If you’re dieting and working out on a budget, soy protein is a good way to get a lot of those essential amino acids without the added fat, cholesterol, and lactose. Soy protein can also serve as a meat substitute for any vegetarian looking to build muscle. With components such as saponins, phytosterols, and isoflavones, it has also been known to boost immune function and lower your body’s cholesterol levels. Unfortunately, soy protein lacks many of the branched chain amino acids offered by most whey protein products. Branched chain amino acids are not only good for building muscle mass, but also for retaining mass by reducing the rate at which protein breaks down in our body.

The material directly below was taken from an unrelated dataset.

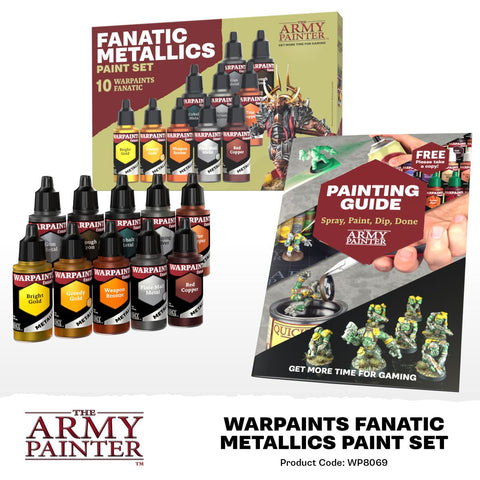 The Army Painter - Paint Set: Warpaints Fanatic Metallics Paint Set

“Soy protein is less effective than whey, but also less expensive,” Fellows explained. “Whey protein is often heat processed, damaging the protein and hindering the effectiveness, though also saving cost. The most effective and useful protein is a cold processed whey protein. The best shakes and powders will also include micellar casein, a slow digesting protein that allows the body to continue to recover and have a steady supply of proteins.”

Casein

Also known as the “slow-acting” protein, casein protein is derived from the curds of milk as opposed to the liquid. Since it does come from the lumpy curd part of cow milk, it obviously takes longer for our body to breakdown casein protein. This type of protein also contains a different sequence of amino acids compared to whey protein. One of these amino acids is glutamine. In terms of reducing soreness, repairing muscles, and recovering from an intense workout, glutamine is the most important amino acid your body requires. This makes casein protein a favorite among athletes going for endurance. A benefit of casein taking longer to digest is that it can provide the body with energy while you sleep. For that reason, many workout enthusiasts choose to save their casein protein shake for a bedtime snack.

“Protein shakes and bars can be both an effective way to lose AND gain weight,” Chief Clinical Dietician at Workmen's Circle Multicare Center, Felice Kosakavich, told Medical Daily. “The trick is to read the labels carefully and choose low calorie low sugar options. Protein is important to maintain muscle and other vital body organs. Most people get enough protein eating a balanced diet but many people find higher protein, low carb snacks fill them up and keep them satisfied longer than sugar and carbohydrates alone.  Proteins take longer for the body to digest helping the body maintain a steady glucose level, but our body’s breakdown carbohydrates quickly into sugar, causing spikes in our blood glucose making us continue snacking because we do not feel full.”

Remember, 10 to 35 percent of your daily calorie intake should come from protein. For men over the age of 19, the Recommended Dietary Allowances (RDA) of protein is 56 grams per day. The RDA for women over the age of 19 is 46 grams of protein each day. When it comes to protein powders, ready-to-drink shakes, and bars, it doesn’t matter as long as you’re combining the right amount of protein with the right amount of calories, sugars, fat, and carbs. Post-workout protein shakes (whey and soy) should be taken in the 30-minute recovery window immediately following your exercise. Taking your protein in combination with healthy carbohydrates like oats will maximize muscle-protein synthesis.